3

I've got a block of text with some sections that are clearly delineated by four-space indentation:

PERCHANCE he for whom this bell tolls may be so ill, as that he knows not it
tolls for him; and perchance I may think myself so much better than I am, as
that they who are about me, and see my state, may have caused it to toll for me,
and I know not that. 

    The church is Catholic, universal, so are all her actions; all that she does
    belongs to all. When she baptizes a child, that action concerns me; for that
    child is thereby connected to that body which is my head too, and ingrafted into
    that body whereof I am a member.

And when she buries a man, that action concerns me: all mankind is of one
author, and is one volume; when one man dies, one chapter is not torn out of the
book, but translated into a better language; and every chapter must be so
translated; God employs several translators; some pieces are translated by age,
some by sickness, some by war, some by justice; but God's hand is in every
translation, and his hand shall bind up all our scattered leaves again for that
library where every book shall lie open to one another.
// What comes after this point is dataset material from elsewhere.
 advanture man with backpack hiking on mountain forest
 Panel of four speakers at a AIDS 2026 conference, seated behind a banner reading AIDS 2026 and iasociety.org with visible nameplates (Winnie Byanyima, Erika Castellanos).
    As therefore the bell that rings to a sermon calls not upon the preacher only,
    but upon the congregation to come, so this bell calls us all; but how much more
    me, who am brought so near the door by this sickness.

There was a contention as far as a suit (in which both piety and dignity,
religion and estimation, were mingled), which of the religious orders should
ring to prayers first in the morning; and it was determined, that they should
ring first that rose earliest.

I'd like each indented block to be immediately preceded with START QUOTE and immediately followed with END QUOTE. I've been playing around with sed for fifteen minutes but still can't get it quite right. Here's my best effort so far:

#!/usr/bin/sed -Ef
/^$/ {
N
    /\n    / {
    P
    s/^\n//
    i\
    START QUOTE
    }
}

/^    / {
N
    /\n$/ {
    s/\n$/&END QUOTE/
    G
    }
}

Running ./parse.sed <script.txt, I get the following output:

PERCHANCE he for whom this bell tolls may be so ill, as that he knows not it
tolls for him; and perchance I may think myself so much better than I am, as
that they who are about me, and see my state, may have caused it to toll for me,
and I know not that. 

START QUOTE
    The church is Catholic, universal, so are all her actions; all that she does
    belongs to all. When she baptizes a child, that action concerns me; for that
    child is thereby connected to that body which is my head too, and ingrafted into
    that body whereof I am a member.

And when she buries a man, that action concerns me: all mankind is of one
author, and is one volume; when one man dies, one chapter is not torn out of the
book, but translated into a better language; and every chapter must be so
translated; God employs several translators; some pieces are translated by age,
some by sickness, some by war, some by justice; but God's hand is in every
translation, and his hand shall bind up all our scattered leaves again for that
library where every book shall lie open to one another.

START QUOTE
    As therefore the bell that rings to a sermon calls not upon the preacher only,
    but upon the congregation to come, so this bell calls us all; but how much more
    me, who am brought so near the door by this sickness.
END QUOTE

There was a contention as far as a suit (in which both piety and dignity,
religion and estimation, were mingled), which of the religious orders should
ring to prayers first in the morning; and it was determined, that they should
ring first that rose earliest.

Note the missing END QUOTE on the first quoted block. I think what's going on here is that the second command in the script:

/^    / {
N
    /\n$/ {
    s/\n$/&END QUOTE/
    G
    }
}

only properly finds the boundary at the end of the block if the current line is the last line of the quote block. But sometimes, it's off by one, and the boundary gets ingested in two separate N commands, and thus not recognized. Any pointers on what the right way to do this with sed is?

ravron
  • 11,014
  • 2
  • 39
  • 66

4 Answers4

1

Using sed

When looking for the end of the quote, the original script read in lines in pairs. As a consequence, the end of a quote was only found when the quote contained an odd number of lines. The solution is to read the whole quote in at once and then add END QUOTE to the end of it:

#!/usr/bin/sed -Ef
/^$/ {
N
    /\n    / {
    P
    s/^\n//
    i\
    START QUOTE
    }
}

/^    / {
    :a;N;/\n$/!ba
    s/$/END QUOTE\n/
}

The key change here is :a;N;/\n$/!ba which reads lines in until it finds an empty line.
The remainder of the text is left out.